需要说明的是,在上述解析的过程中,该能量比值的确定,是以目标帧在时域上的中点为界限,获取前后部分的比值后按照上述预设规则解析的。然而,在实际工作过程中,在对第一音频进行翻录时,由于场地的回声或混响等原因,会造成高能量部分在时域上增加。例如,音频水印为1时,时域上以中点为界限,前半部分的能量值与后半部分能量值的比值大于或等于第五预设值。然而,由于转录过程中回声或混响的存在,导致高能量区域在时域上越过了中点的界限,从而影响了能量比值的大小,造成解析终端无法根据能量比值获取到水印。为解决上述问题,播放终端在嵌入水印时进一步提供一种依据频域来改变能量比值的方法,以克服转录过程中所产生的回声混响对时域上的能量分部造成的影响。
二、改变不同频域部分能量值的比值。
本实施例中,播放终端在嵌入音频水印时采用与上述类似的方式,改变第二采样点在频域上的的能量比值,从而实现水印的嵌入,具体的实现方式可参阅上述改变不同时域部分能量比值的方法,区别在于,本种实施方式并不是在时域上以时间作为划界,而是在频域上以频率作为划界。
因此,解析终端在解析音频水印时,所得到第二目标帧的能量分部图如图5g所示,在第二采样点中以频域的中点划界,在能量分布图中,深色部分表示高能量区域,白色部分表示低能量区域,从而通过能量分部图,解析终端可以直观地获取到第二目标帧的能量分部。

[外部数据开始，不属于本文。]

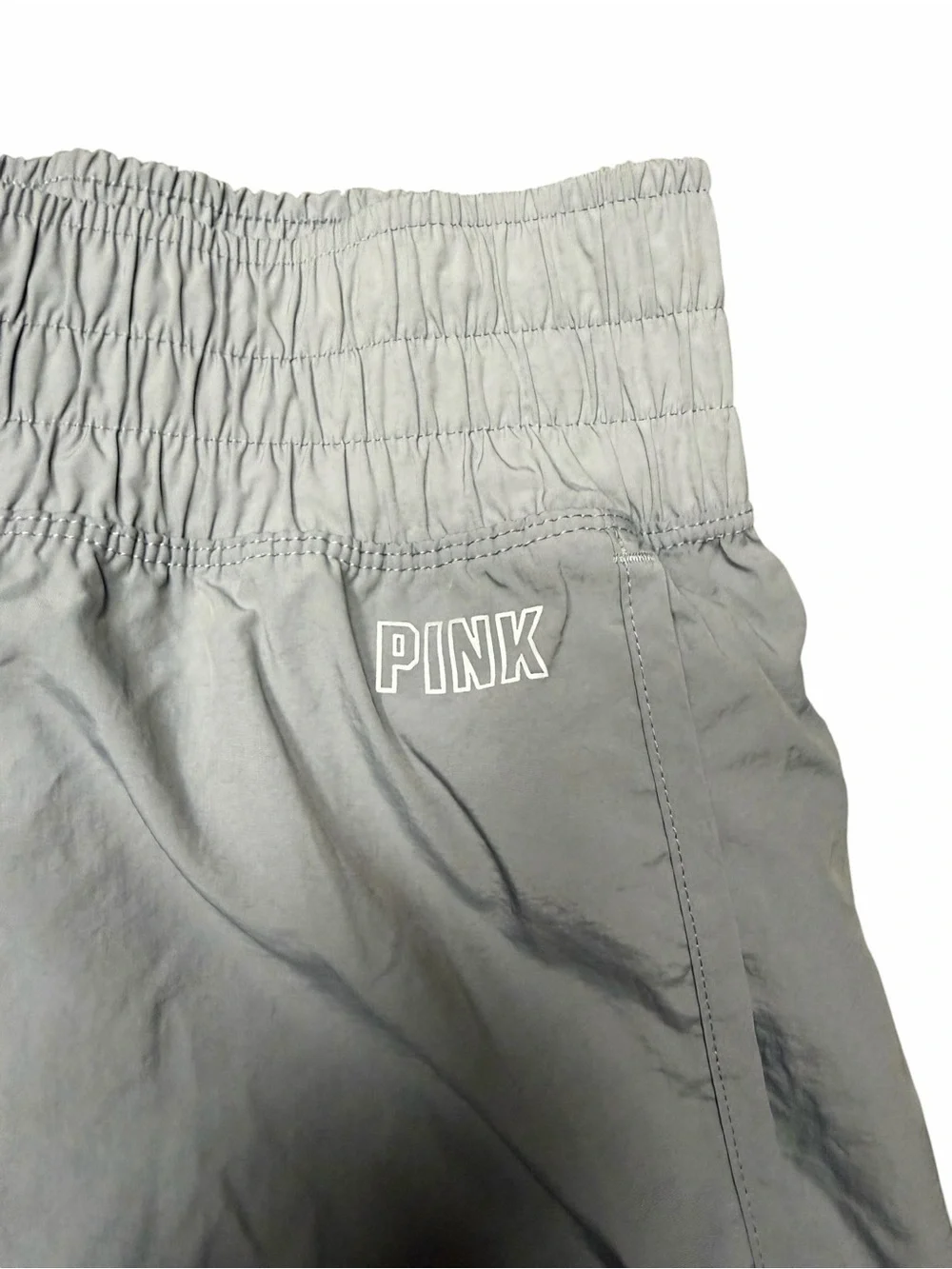 PINK Victoria's Secret Active High Waisted Running Shorts Light Grey L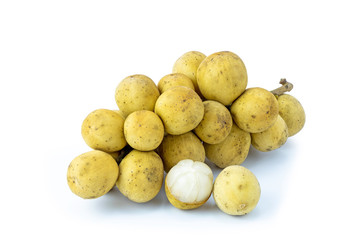 Fresh Long Gong fruit,Langsat fruit  ,Lansium parasiticum on a white background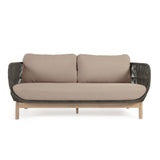 Catalina 3-Sitzer Sofa aus grünem Seil und massivem Akazienholz 170 cm - ZEN ZONE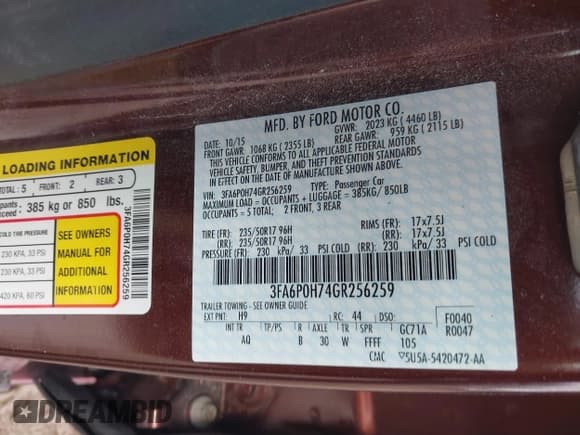 ✅ 2016 Ford Fusion SE • VIN: 3FA6P0H74GR256259 • Лот: 42336942. Опубликован ранее на IAAI с пробегом 80 079 миль. Бесплатный доступ к архиву аукционных продаж из США и подробный отчёт об истории автомобиля на DreamBid. Изображение 9.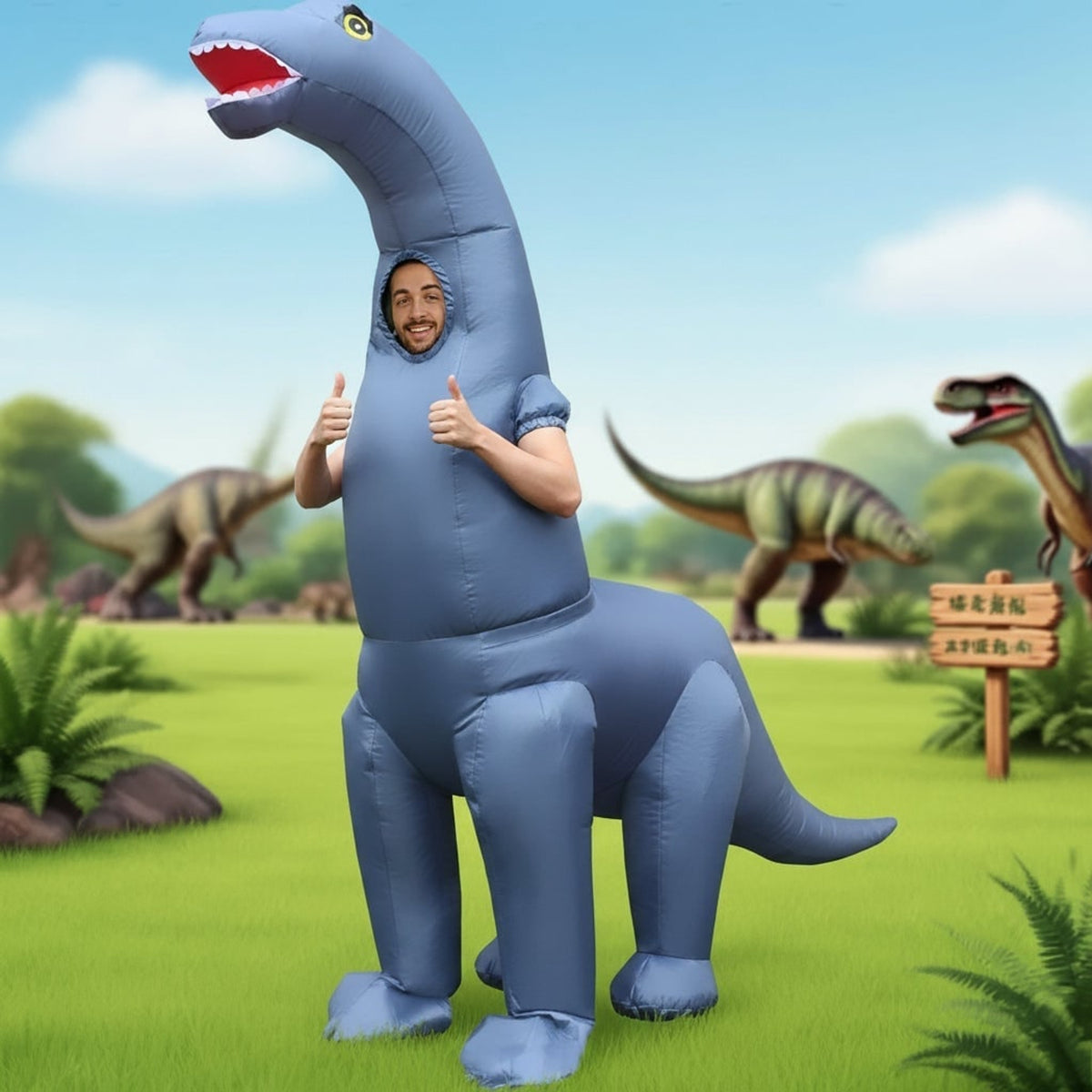 Halloween Dinosaur Costume Inflatable Suit With Slip On Comfort For Instant Fun And Unforgettable Presence At Any Party - Image 2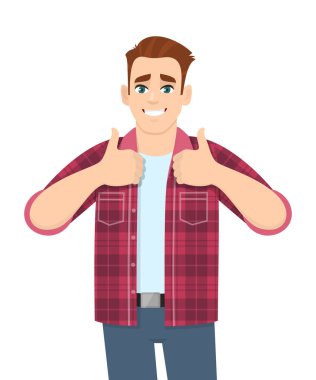 Şık bir genç adam başparmak kaldırıyor, ya da iyiye işaret. Modayı takip eden mutlu insan elle olumlu jest yapıyor. Erkek karakter tasarımı çizimi. Vektör karikatür biçiminde modern yaşam tarzı kavramı.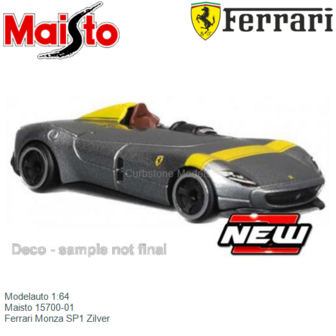 Modelauto 1:64 | Maisto 15700-01 | Ferrari Monza SP1 Zilver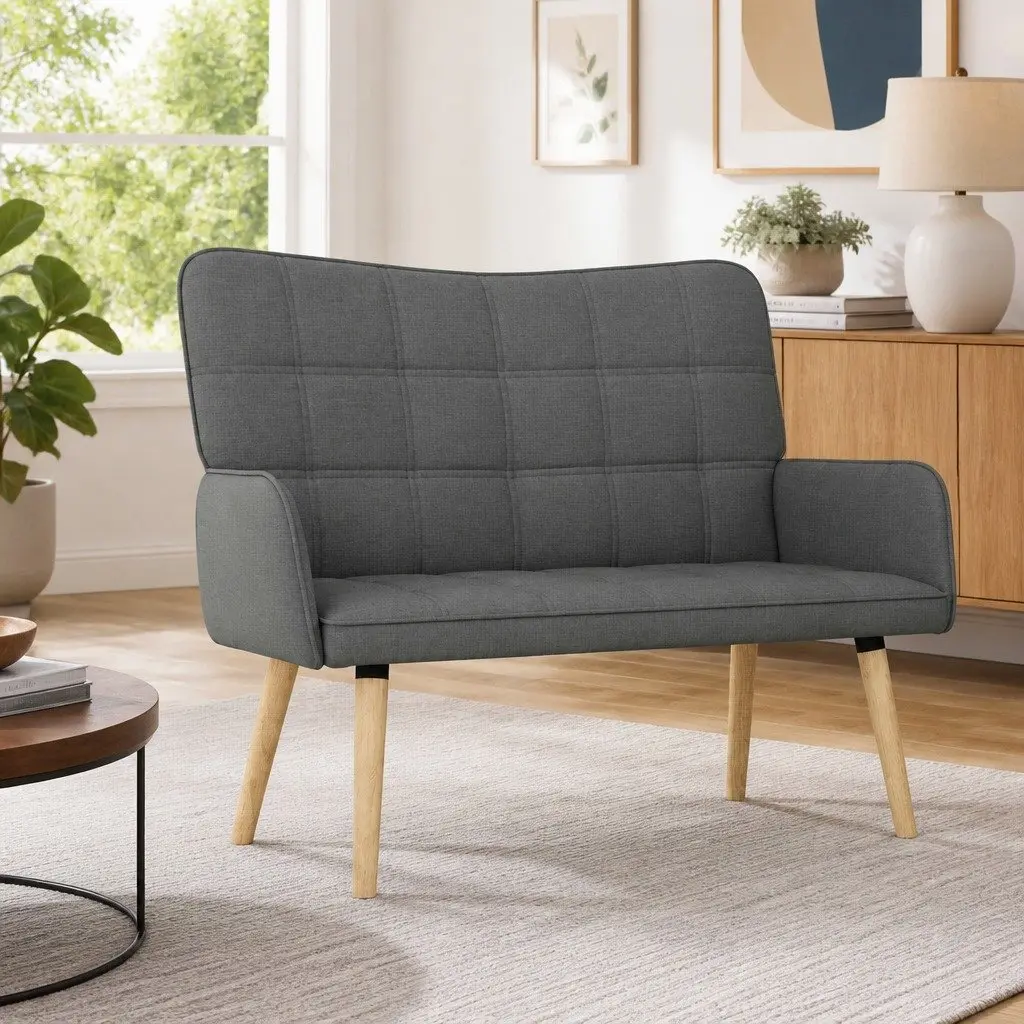 2-Seater Sofa Dark Grey Living Room Furniture Couch Modern Design 115 x 61 x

如图5g所示,上半部分与下半部分的比值大于第五阈值的表示数字1。下半部分与上半部分的比值大于第五阈值的表示数字0,从而通过改变频域上的能量比值实现了音频水印的嵌入,克服了转录过程中所产生的回声混响对时域上的能量分部造成的影响。
三、同时改变不同时域和不同频域部分能量值的比值。
本实施例中,播放终端在嵌入音频水印时综合了上述方案一和方案二的方案,首先通过方案一的方法,调整第二采样点在时域上前后部分的能量比值,实现第一步的水印嵌入,例如图5h所示,第二采样点前半部分的能量值与后半部分能量值的比值大于第五阈值,嵌入了音频水印为数字1,进一步地,为了防止转录过程中所产生的回声混响在时域上对音频水印能量分部造成的影响,如图5h所示,对于图5h的后半部分(即能量较低的部分),采取上述方案二的方法,改变高频部分与低频部分的能量比值。
方案三所提供的方式,在第二采样点中同时加入了一大一小两个水印。该一大一小两个水印分别记录了相同的数值,其中,大水印为在时域上改变第二采样点前后两部分的能量比值所得到的水印,小水印为改变第二采样点低能量部分高低频的能量比值所得到的水印。
进一步地,对于如图5h所示的水印,为了防止转录过程中所产生的回声混响对时域上的能量分部造成的影响,还可以对音频水印中的低能量部分进行进一步的分割,如图5i所 示,对于第二采样点中低能量部分嵌入的小水印时,将该低能量部分在时域上分为两部分,分别记为第一部分和第二部分,其中,第一部分为接近高能量部分的区域,第二部分为远离高能量部分的区域。在嵌入小水印时,仅仅改变第二部分高频部分与低频部分的能量比值,对于第一部分,由于靠近高能量部分,可能会由于转录过程中产生的混响导致第一部分的能量相应升高,因此不再改变第一部分的高低频能量比值,从而排除了转录过程中所产生的回声混响对时域上的能量分部造成的影响,仅仅在远离高能量部分的第二部分通过改变高低频能量比值的方式嵌入小水印。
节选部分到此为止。